Crawled caption data ▸
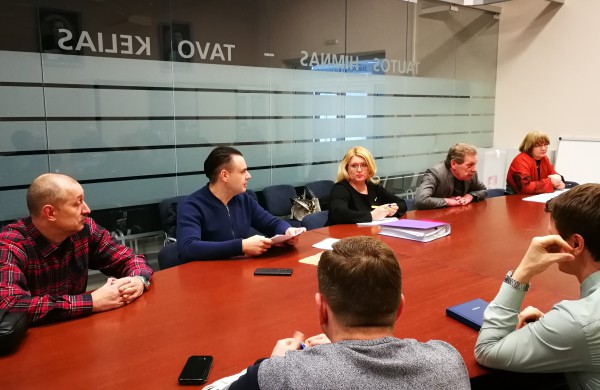 „Atims“ 20, bet bus 50 naujų parkavimo vietų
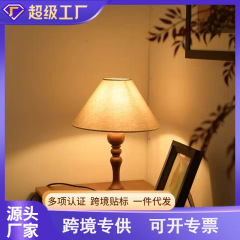 木の北欧の電気スタンドのベッドの上で軽くて豪華で高級感があります。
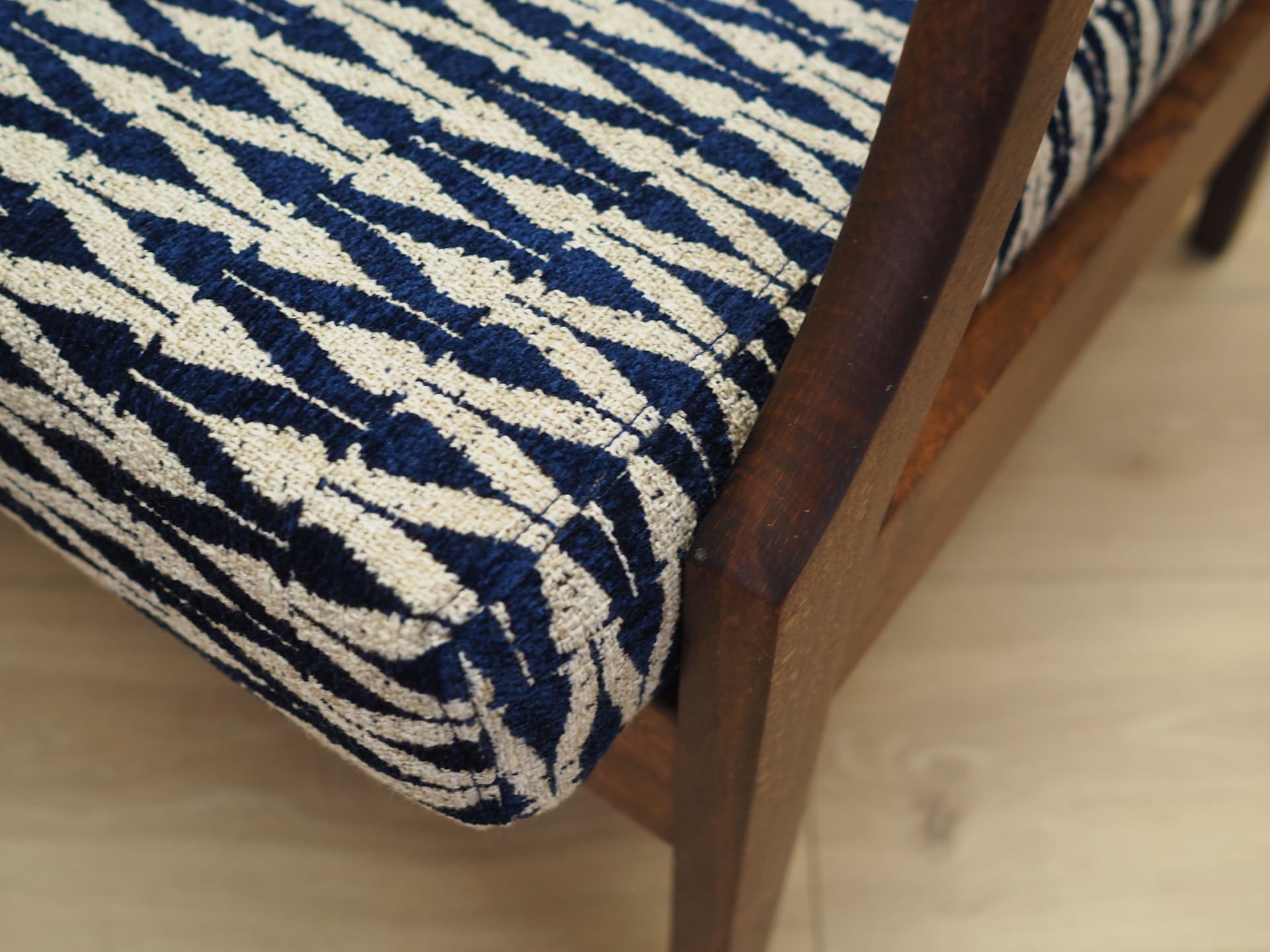 Lounge chair, navy blue beige, beech fabric, Denmark, 1970s. - 81437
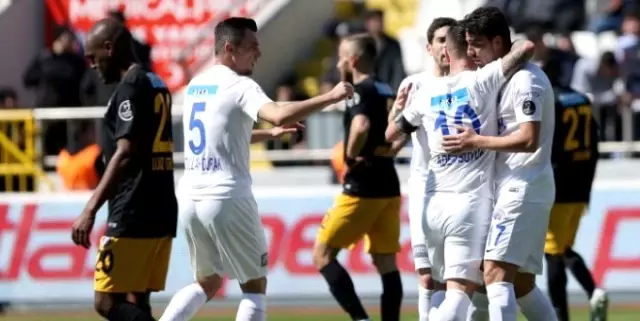 Gol Düellosu Paşa'nın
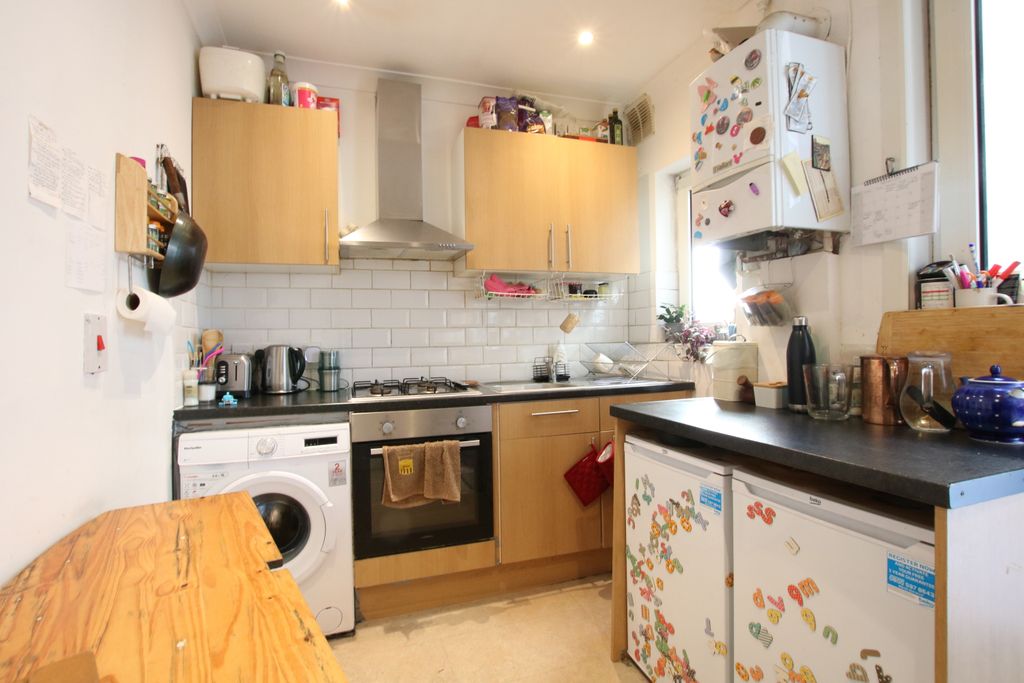 Property photo 3 of 7 6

TASK OBJECTIVE ▸ Omit all pictures, and repeat exactly the lines from the line containing "Lounge chair, navy" through the end of the data.

RESULT OF THIS EXERCISE ▸
 Lounge chair, navy blue beige, beech fabric, Denmark, 1970s. - 81437
 Gol Düellosu Paşa'nın
 Property photo 3 of 7 6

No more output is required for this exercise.